Lorsque les jumeaux frappent, emprisonnant Jaxxon et lui injectant son jus de salut superficiel, les effets secondaires sont monstrueux. Sa tête développe des muscles machistes au-dessus de ses yeux et un arc de Frankenstein commence. Les effets spéciaux de « Divinity » sont excellents, tout comme la performance de Dorff. Avec tant de choses en tête et dans son arsenal esthétique, cette intrigue est éclipsée par des passages plus indulgents sur l’anti-salut de la Divinité. De tels passages impliquent le frère méga-buff de Jaxxon (Michael O’Hearn) et son univers de peau, de muscles et de beauté conventionnelle.

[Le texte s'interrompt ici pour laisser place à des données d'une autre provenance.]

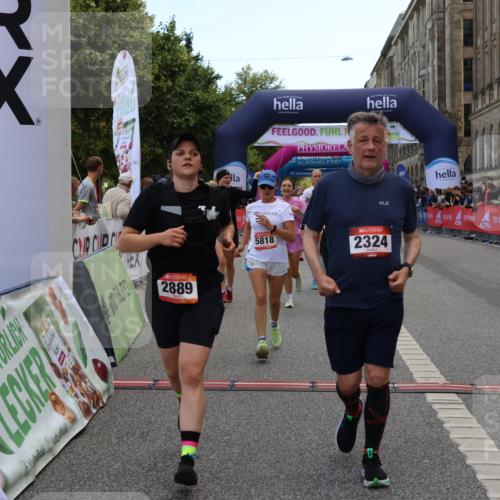 06.09.2026 - CURREX Alsterlauf Strokosch-Dieckow http://msf.ph/oto/10135864 06.09.2026 10:11:14 Ziel 2324, 2889, 2890, 2979, 2980, 4409, 4782, 4783, 5268, 5327, 5351, 5392, 5393, 5496, 5498, 5499, 5500, 5532, 5818, 6100, 6103 meine-sportfotos.de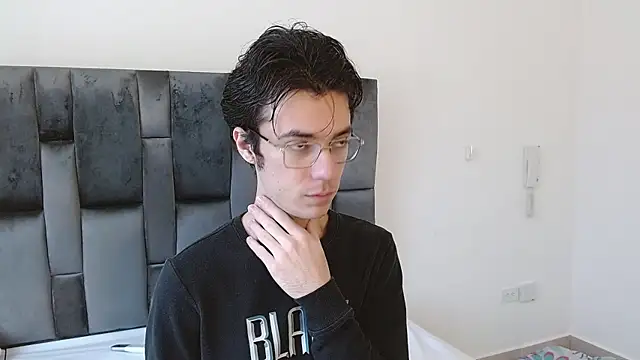 VIKTORNOIR online show from October 17, 2025, 1:46 pm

Parfois, le pouvoir des stars ressemble à une approbation, et c’est certainement l’effet ici : ses acteurs voient leurs noms clignoter dans ses intenses séquences de générique d’ouverture, puis ils peuvent le faire ; ils sont dans le coup, quel que soit ce que c’est. Une Bella Thorne sévère incarne un chef de secte nommé Ziva ; elle est flanquée d’un groupe de jeunes femmes en spandex blanc et d’un récipient pour certaines des lignes moralisatrices de l’histoire. Nikita, la docile de Karreuche Tran, est peut-être le seul espoir du monde, même si elle l’ignore lorsqu’elle est au lit avec les jumeaux. Scott Bakula apparaît dans les flashbacks que nous voyons principalement dans les clips VHS, parlant de ses tentatives pour déchiffrer la formule de Divinity. Ce n’est qu’un avant-goût de l’univers toujours décalé du film d’Alcazar, qui fusionne technologie analogique, architecture moderne et futurisme pessimiste.

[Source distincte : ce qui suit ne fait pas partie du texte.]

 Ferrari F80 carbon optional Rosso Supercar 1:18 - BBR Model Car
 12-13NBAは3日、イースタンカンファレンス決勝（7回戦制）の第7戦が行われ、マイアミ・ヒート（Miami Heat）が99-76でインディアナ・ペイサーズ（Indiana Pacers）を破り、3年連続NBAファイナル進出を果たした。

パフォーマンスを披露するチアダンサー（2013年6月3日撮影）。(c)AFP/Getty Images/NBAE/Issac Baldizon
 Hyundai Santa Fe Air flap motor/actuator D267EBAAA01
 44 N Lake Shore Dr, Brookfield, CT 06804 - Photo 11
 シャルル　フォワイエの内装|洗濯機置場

« Divinity » est un film complètement étranger : en plus de ressembler à une œuvre d’art cinématographique étrangère, il parle son propre langage. Cela le rend convaincant mais aussi déroutant quant à ce qu’il veut dire : condamne-t-il le machisme avec ses scènes de personnes d’une beauté conventionnelle qui prennent la Divinité ou s’y livrent ? Il y a tellement de choix spécifiques dans cette production, qui est comme une transmission extraterrestre pour commenter l’ensemble de la société, y compris notre valeur pour la beauté superficielle ou notre égoïsme envers les ressources.